• The data:
******

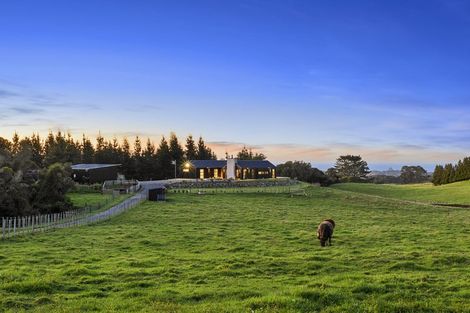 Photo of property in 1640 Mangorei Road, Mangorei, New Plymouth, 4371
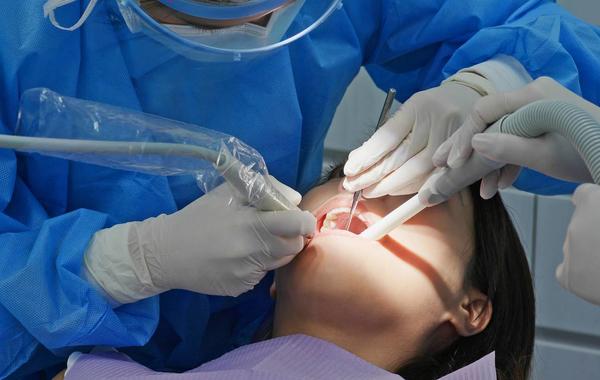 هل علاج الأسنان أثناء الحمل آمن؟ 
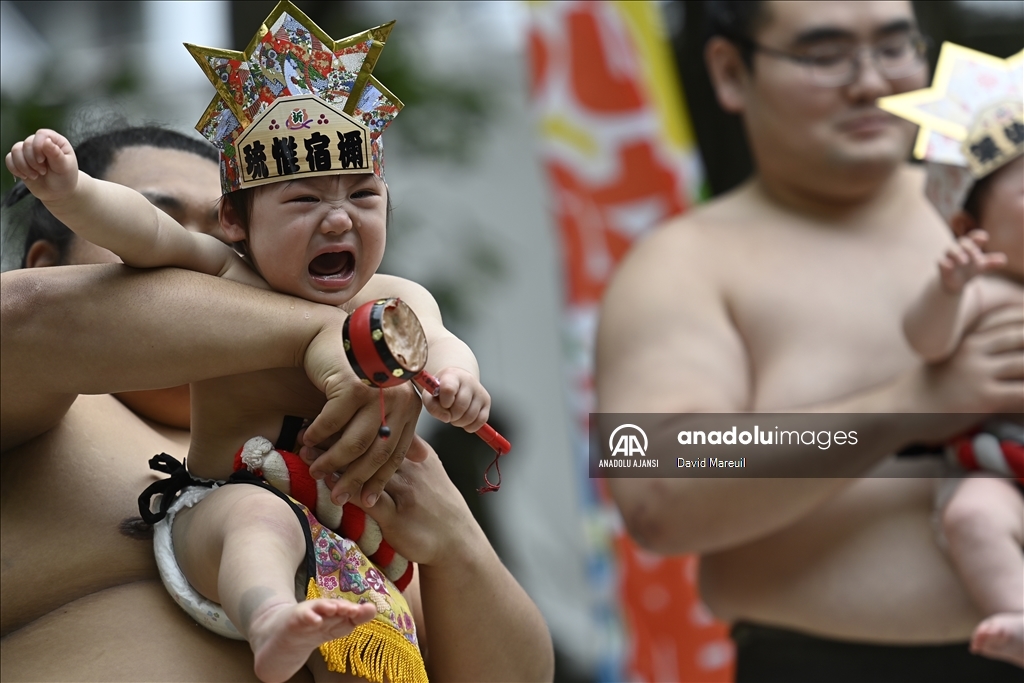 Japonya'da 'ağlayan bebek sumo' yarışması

******

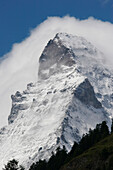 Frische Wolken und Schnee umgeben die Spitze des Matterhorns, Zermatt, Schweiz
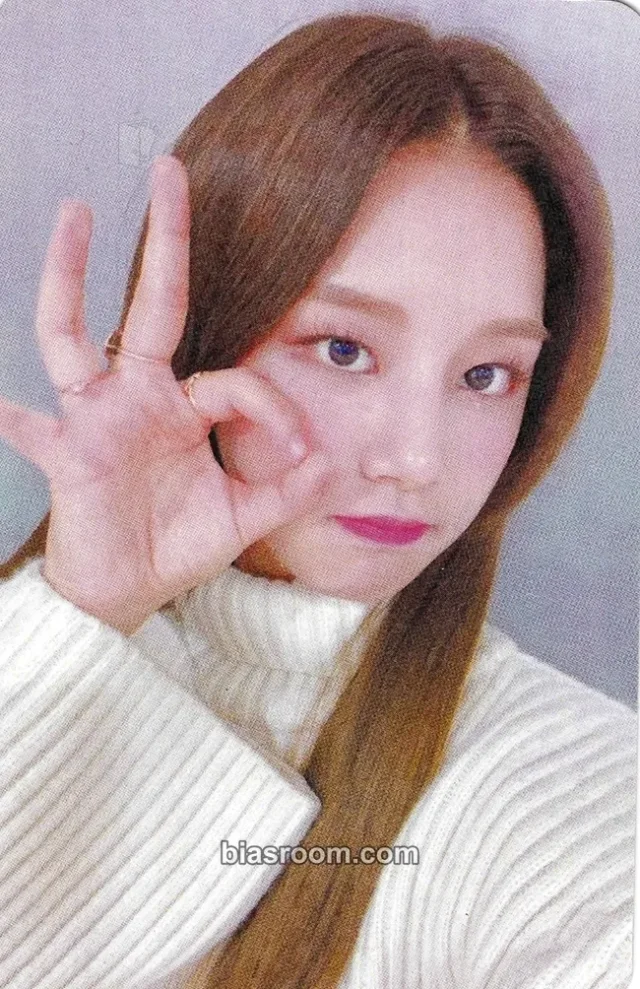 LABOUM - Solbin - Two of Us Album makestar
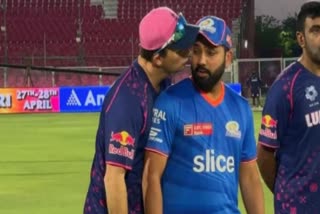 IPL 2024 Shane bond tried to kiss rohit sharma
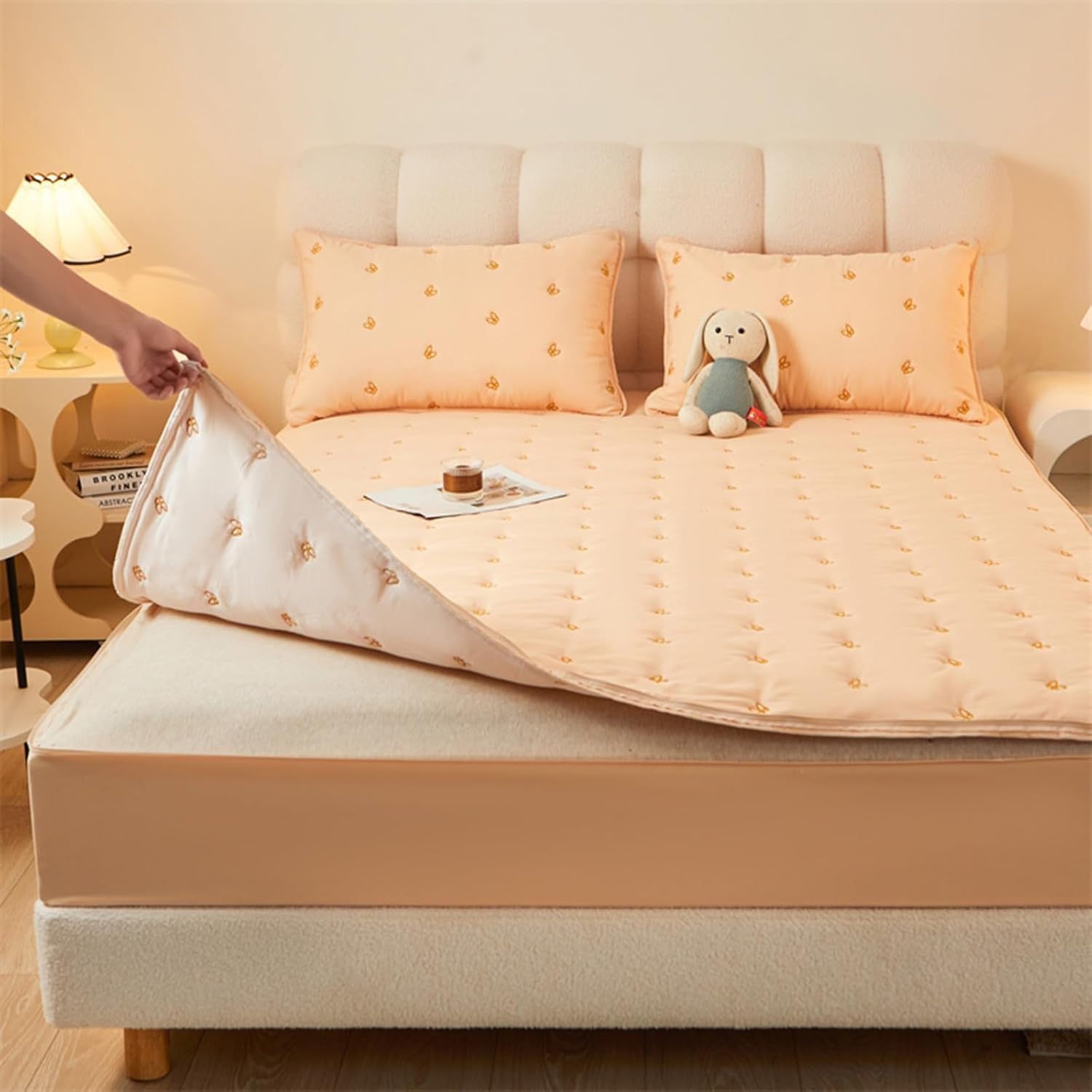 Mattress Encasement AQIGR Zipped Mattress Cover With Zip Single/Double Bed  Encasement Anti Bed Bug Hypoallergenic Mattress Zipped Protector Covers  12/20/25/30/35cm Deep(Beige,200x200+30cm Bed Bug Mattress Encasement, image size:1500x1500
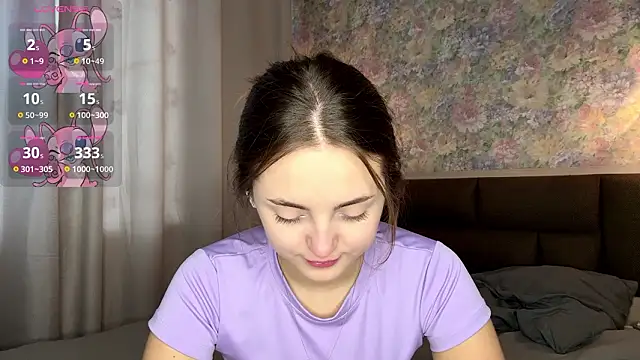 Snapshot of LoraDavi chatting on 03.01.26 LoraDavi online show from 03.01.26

******

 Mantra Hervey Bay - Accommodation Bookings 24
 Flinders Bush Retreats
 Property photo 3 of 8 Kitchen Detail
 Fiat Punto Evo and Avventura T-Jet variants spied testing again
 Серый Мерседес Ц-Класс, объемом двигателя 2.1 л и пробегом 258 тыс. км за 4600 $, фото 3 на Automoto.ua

******

• Activity:
What is wanted is an exact copy of the lines above from the one containing "Photo of property" through the one containing "Japonya'da 'ağlayan bebek sumo' yarışması", with no pictures in it.

• Expected output:
 Photo of property in 1640 Mangorei Road, Mangorei, New Plymouth, 4371
 هل علاج الأسنان أثناء الحمل آمن؟ 
 Japonya'da 'ağlayan bebek sumo' yarışması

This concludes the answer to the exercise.